In December 2022, Forbes, Xometry and Zogby conducted a follow-up poll. The survey took the pulse of manufacturing executives within the industry. During the months between the August 2022 survey and the newest survey in December 2022, polling results show 95% of manufacturing executives are optimistic about what is going on in the industry.

Increased Confidence

Comments from the manufacturing executives surveyed in the Dec. 2022 poll ranged from 60% seeing the industry having a “bright future” to 35% saying they see a “light at the end of the tunnel.” Such sentiments are indeed significant when you consider the overarching themes of the last three+ years continue to plague individuals and the industry alike. This includes continuing concerns about COVID-19 and related restrictions, ongoing supply chain issues and creeping recessionary costs that are impacting consumers and businesses alike across the board. Despite these issues, the executives surveyed registered a slight drop in their collective recessionary fears from 92% in August down to 87% in December.

Differing Approach

While much of the Forbes survey indicated a united perspective among those surveyed, there were other areas where those surveyed claimed a different approach. That is particularly true when it comes to hiring. Some of the executives surveyed are moving ahead with a growth mindset while 44% are on the opposite side, considering cuts/layoffs. The need to make staffing reductions is, not surprisingly, more prevalent among smaller companies than those in larger institutions. That said, more than half (52%) have a plan to hire this year and another 36% look to remain at current staffing levels.

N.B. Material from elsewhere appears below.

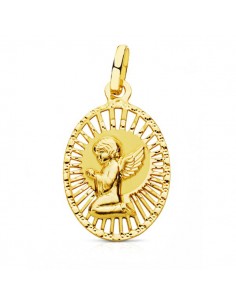 18K MEDALLA ANGEL CERCO CALADO 22 X 14MM.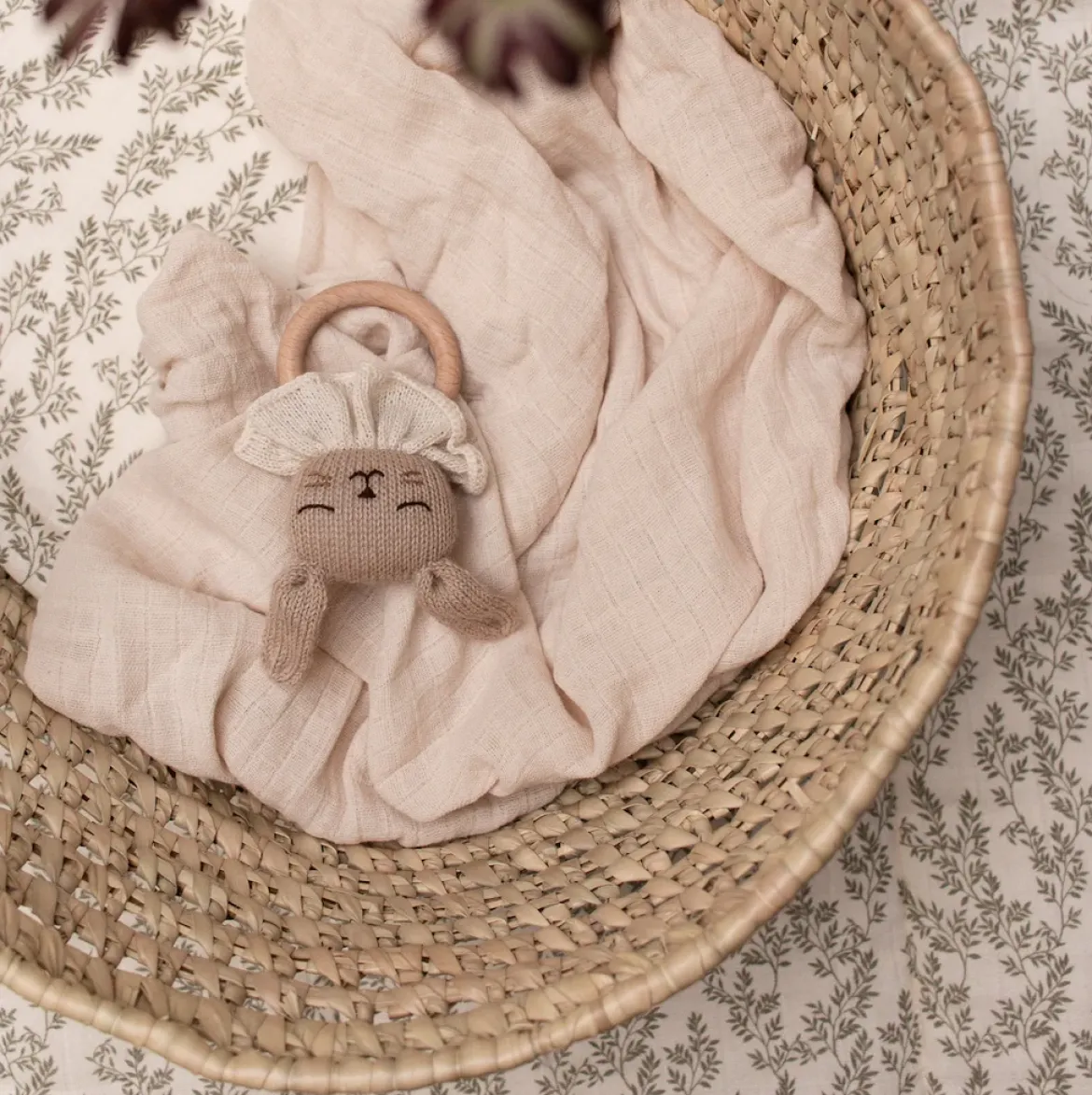 Beißring mit Rassel aus Alpakawolle | Hase beige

One area where manufacturing executives do agree is in the need to raise prices. 89% will likely raise prices and 54% will definitely raise prices. The predicted percentage of the price hike could range between 5% and 15% with others considering a price increase of as much as 20%. These increases could be used to help offset the need to increase wages to attract and retain employees. 77% were using incentives for this purpose in the form of gift cards, gym memberships, cash and bonuses. Such a hiring gap has long been an issue in the industry, and without resolution, the manufacturing industry could be looking at 2.1 million unfilled jobs by the year 2030, thus continuing to fuel the manufacturing gap in hiring.

While this positivity is certainly good news, it will be up to the individuals and the business owners within the industry to, once again, make the most of what they have.